**Task objective:** Only the lines below between the one holding "TheChickenChronicles TheChickenChronicles" and the one holding "Sharks attacks in California", inclusive, are to be reproduced word for word; the pictures are to be left out.

**Task material:**
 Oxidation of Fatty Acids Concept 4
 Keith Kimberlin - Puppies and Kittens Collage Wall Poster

* * *

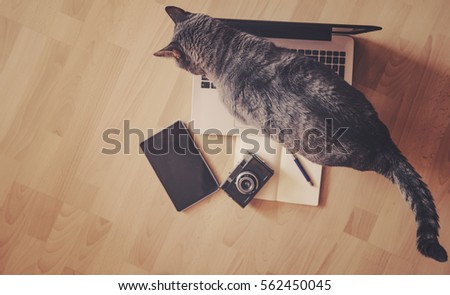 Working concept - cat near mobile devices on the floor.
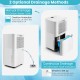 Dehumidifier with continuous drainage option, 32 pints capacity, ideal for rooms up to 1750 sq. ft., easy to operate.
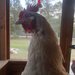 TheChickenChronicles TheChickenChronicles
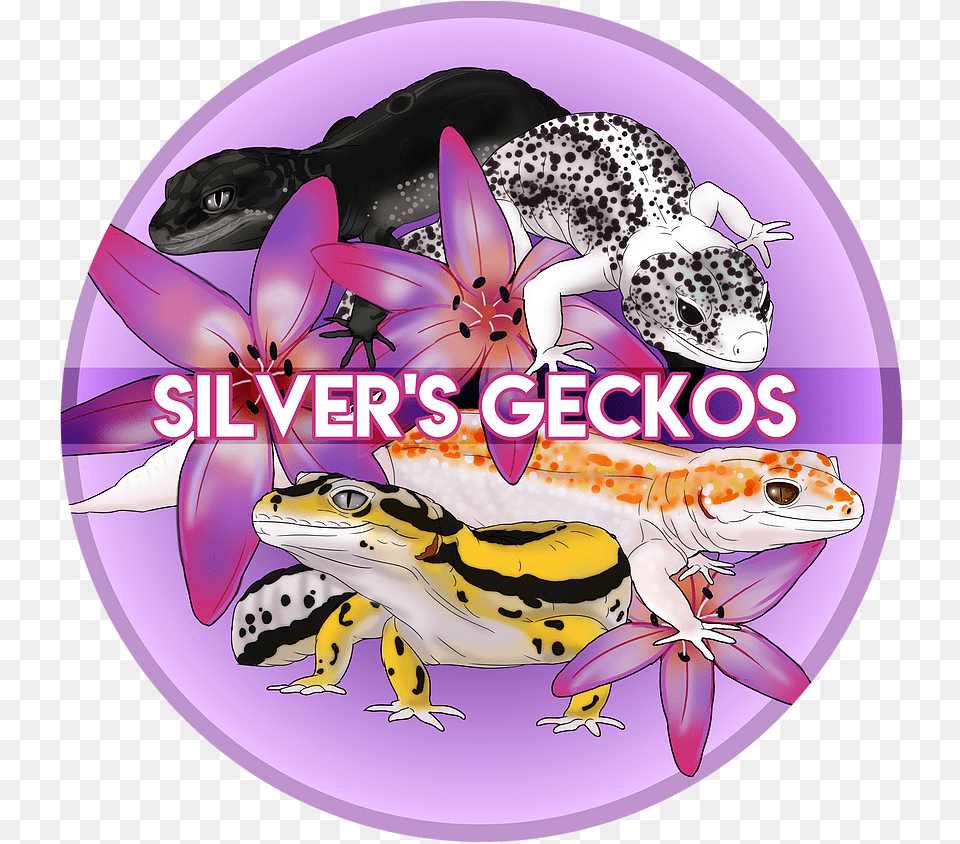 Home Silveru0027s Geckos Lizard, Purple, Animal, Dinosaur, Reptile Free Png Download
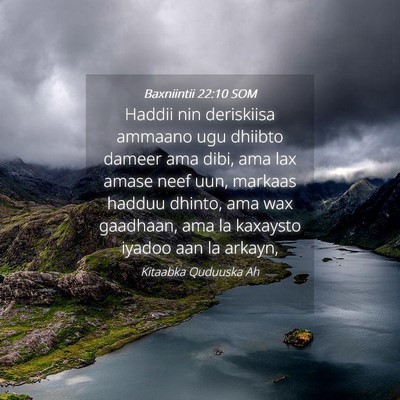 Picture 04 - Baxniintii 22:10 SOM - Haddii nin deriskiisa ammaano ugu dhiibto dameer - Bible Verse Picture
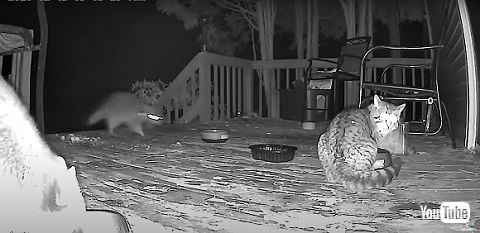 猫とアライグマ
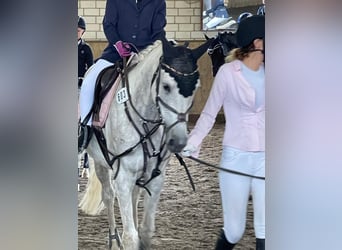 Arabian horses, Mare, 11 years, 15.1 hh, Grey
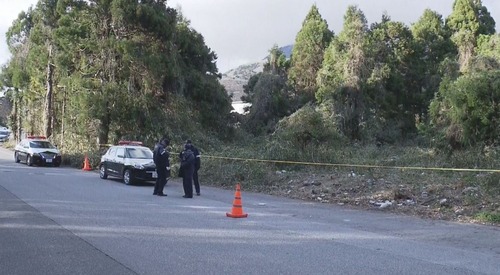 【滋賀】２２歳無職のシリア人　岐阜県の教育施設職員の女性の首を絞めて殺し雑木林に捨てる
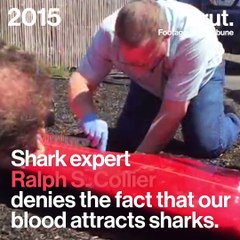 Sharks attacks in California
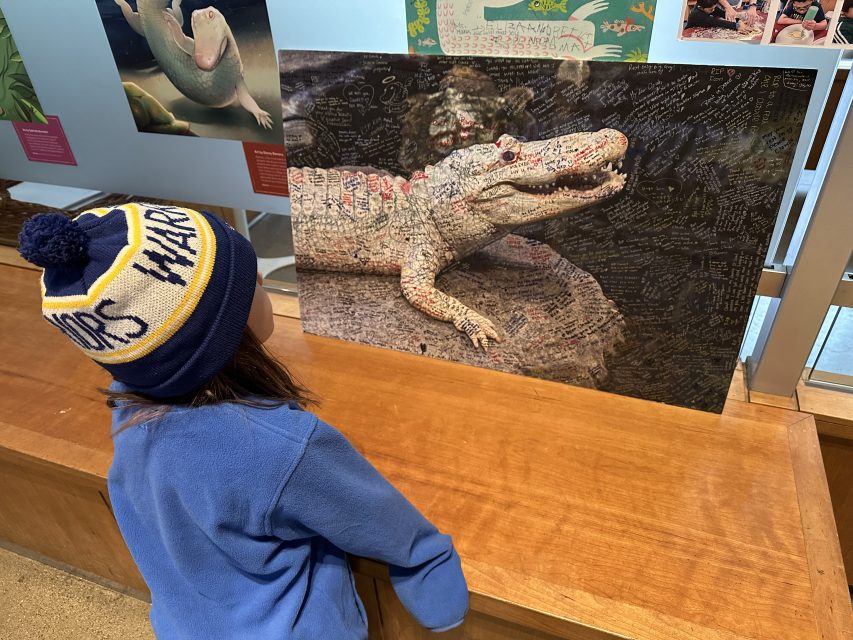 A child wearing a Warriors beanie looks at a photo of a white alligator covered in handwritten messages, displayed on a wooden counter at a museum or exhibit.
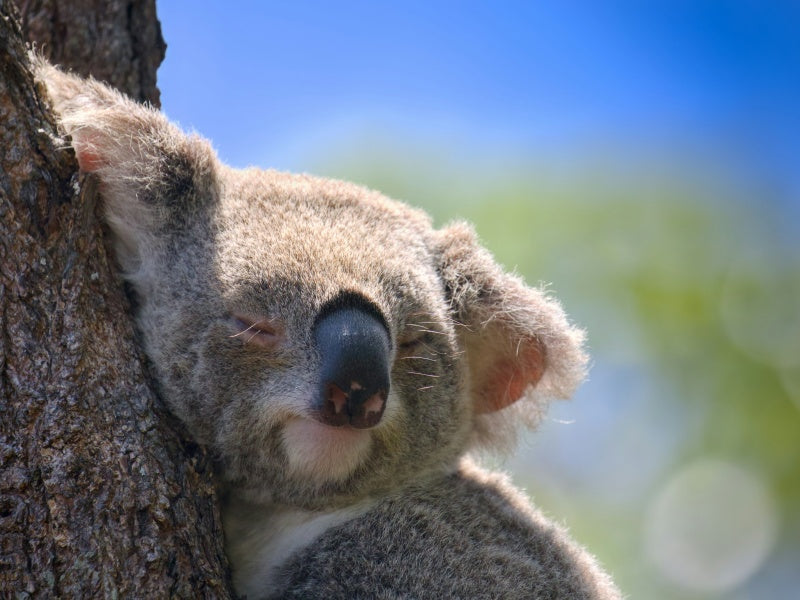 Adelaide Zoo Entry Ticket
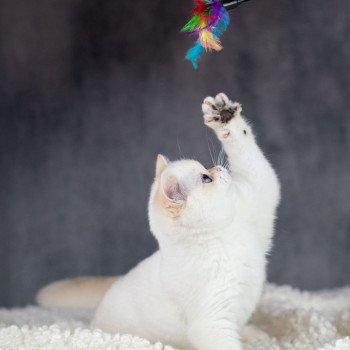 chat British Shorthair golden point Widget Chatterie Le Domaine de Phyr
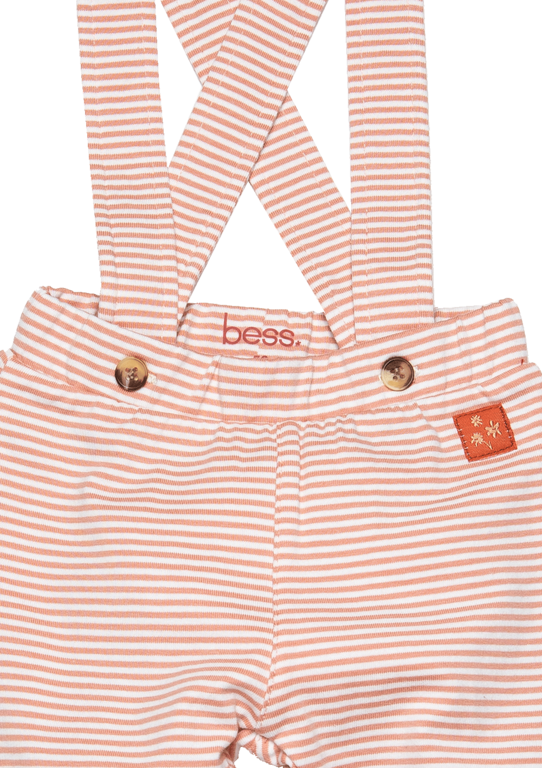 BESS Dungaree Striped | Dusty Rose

**Response area:**
 TheChickenChronicles TheChickenChronicles
 Home Silveru0027s Geckos Lizard, Purple, Animal, Dinosaur, Reptile Free Png Download
 Picture 04 - Baxniintii 22:10 SOM - Haddii nin deriskiisa ammaano ugu dhiibto dameer - Bible Verse Picture
 猫とアライグマ
 Arabian horses, Mare, 11 years, 15.1 hh, Grey
 【滋賀】２２歳無職のシリア人　岐阜県の教育施設職員の女性の首を絞めて殺し雑木林に捨てる
 Sharks attacks in California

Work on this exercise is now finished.